One of the more exciting “disturbances in the force” in the United States Department of Defense (DoD) and the global upskilling industry occurred in February 2023. That is when the DoD CIO Office published the DoD 8140.03 Manual that superseded the previous DoD 8570.01 Manual and defined how the 8140 Directive would operate. The goals of the 8140 Directive are to:
- Provide a larger array of standards-based certification and training options based on 72 work roles that the 8140 Directive currently defines. That list will change over time. The 72 work roles run the gamut, from software developer and data scientist to AI engineer and cyber defense incident responder. Under the 8140 program, “Cyber” includes cybersecurity and IT.
- Allow DoD workers to choose between certification and training options. For example, learners can select their certification for well-defined work roles or assessment-based training for emerging technologies. The goal is to widen the aperture to allow the choice of creative, compelling learning options that make learning easier, more hands-on and more practical.

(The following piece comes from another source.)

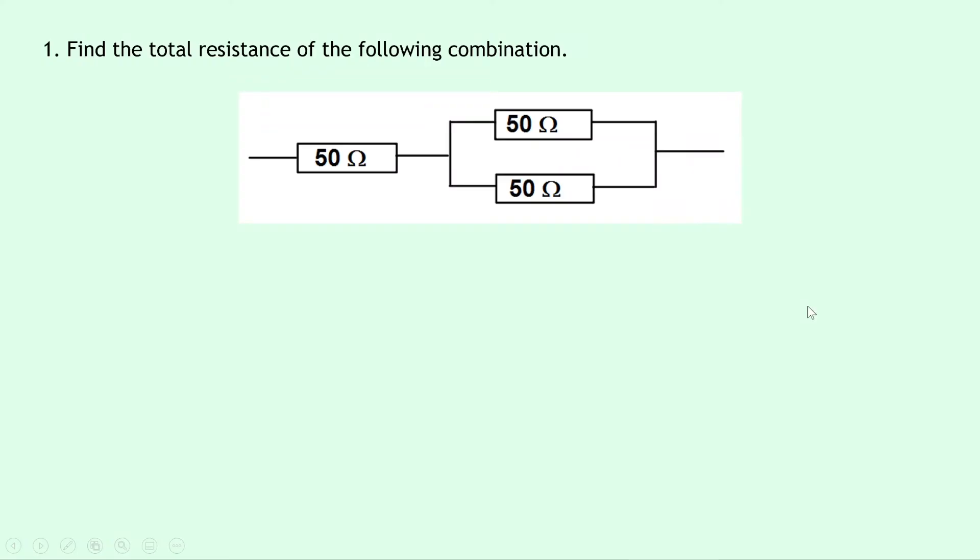Hey guys, how's it going? Mr Mitchell here. In this video we're going to go over four worked examples to show you how to do problems involving combination circuits, which are also known as mixed circuits. Now if you haven't already done so, check out my previous video covering the theory on this topic, and that way you can apply what you learned in that video to this one. So let's get started.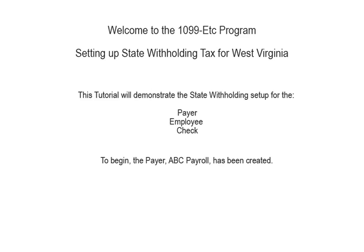Welcome to the 1099-ETC program. This tutorial covers setting up State Withholding Tax for West Virginia. This video covers the Payer, Employee, and Check Setup.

- Attract, upskill and retain a more inclusive, diverse workforce and track their progress. Moving forward, the DoD workforce must reflect the unique diversity of skills, perspectives and experiences found in the overall population. Plus, all workers will have a record of their learning achievements.

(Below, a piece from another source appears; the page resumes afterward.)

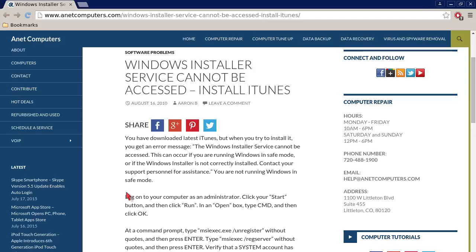Hello, this is Aaron with internetcomputers.com with another video for you today. Hola, bueno este es Aaron con internetcomputers.com. Otro video para ti hoy.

We’re excited to help put the 8140 Directive to work.
Mutual Goals, Similar Perspectives
CompTIA shares very similar goals to D8140. Why? Because we listen very carefully to technologists, corporations, non-profits and governments around the world. As a result, we have a comprehensive, holistic perspective. Our certification and training offerings have grown over the years to include IT, cybersecurity, data, software development and AI. We provide a unique depth and breadth of foundational and advanced offerings. We don’t just focus on traditional “cybersecurity” in isolation. We have naturally reached the same conclusions and are addressing the same needs as D8140.
CompTIA has had the privilege of working closely with the DOD CIO 8140 leadership team, including its leader, Mark Gorak, Principal Director for Resources and Analysis in the office of the Chief Information Officer (CIO). Together, we have also been able to work with additional workforce authorities, including Seeyew Mo, Assistant National Cyber Director for the White House, and Christopher Paris, Acting Director, Cyber Workforce at the U.S. Department of Veterans Affairs. It’s been quite the ride.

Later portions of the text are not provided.